Saturday, March 13, 2010

We're not the baby boomers

I remember the brush fence that had been built around the house that bust the budget, balanced on the hill with the sea encircling it like a decorative wallpaper. The woodheap next door was what attracted the snakes, and they would creep along the tops of the brush fence, hiding amongst the coarse bunches of sticks brambled together with wire. Gumboots and a shovel went hand in hand when the discovery of a snake was made, and I never saw the outcome that came after that, whether it was through shielding my own eyes or being called away from the window (so essentially someone else shielding them for me).

I remember how angry she was at the lack of street signs, at the winding roads in the place that there seemed to be a constant mist of rain from June until September.

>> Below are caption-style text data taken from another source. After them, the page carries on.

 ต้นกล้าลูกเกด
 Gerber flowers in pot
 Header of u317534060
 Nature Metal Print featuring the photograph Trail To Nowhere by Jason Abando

The anger at the warren of turns and blind corners, the slippery roads and the dull yellow headlights, turned into joy, when spring finally tickled our chins with warm fingers and the blossom tree at the bottom of the driveway burst into a calm array of pink and white.

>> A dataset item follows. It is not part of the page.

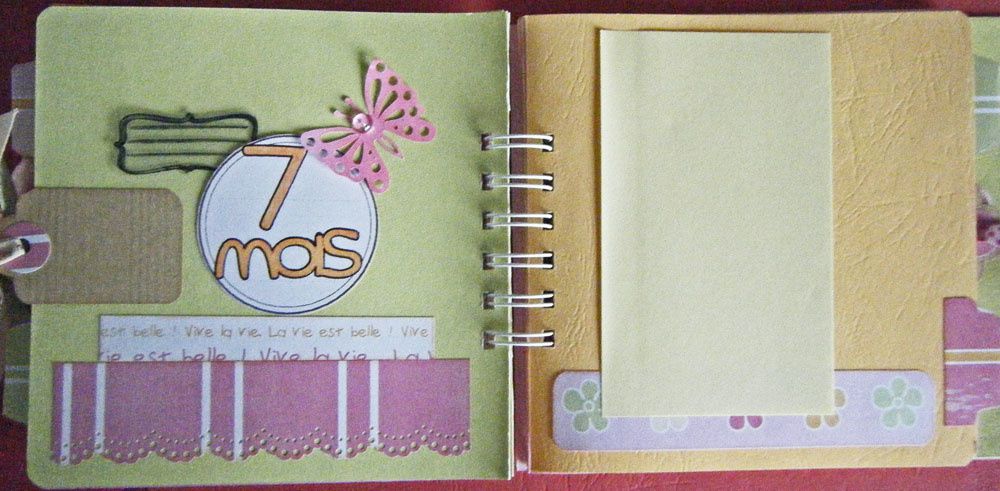 Album - mini-albums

I remember the smell of disinfectant that I came to associate with moving house, as we scrubbed out cupboards, wiped away the dust on skirting boards and powerpoints, the type of cleaning nobody really bothers with unless it's thought someone will examine these spaces with an attention to detail. There was a makeshift wall made from cupboards and boxes, which gave me a new appreciation for doorknobs, even if they didn't have locks. She would buy the discounted flowers from the supermarket, the wilted and sad ones, then nurse them back to life with water and sunlight, before they had their moment to shine on the front table, greeting the people we didn't know who might've wanted to buy the house ('We knew it was the house for us because of the slightly dead carnations in the front room').


I remember the lack of fly screens, in this place where blowflys and their disgusting magnetic buzzing tendencies didn't seem to exist. A lack of fly screens made it possible to thrust open the double windows and be faced with nothing between you and the air outside. As a result, people would tumble their bedding out of the windows in the morning, leaving it to air. Even when the air was so cold that you wondered whether it would turn the bedding to icy sheets of cardboard, deft hands would hurl the blankets from the terrace windows for the duration of the morning.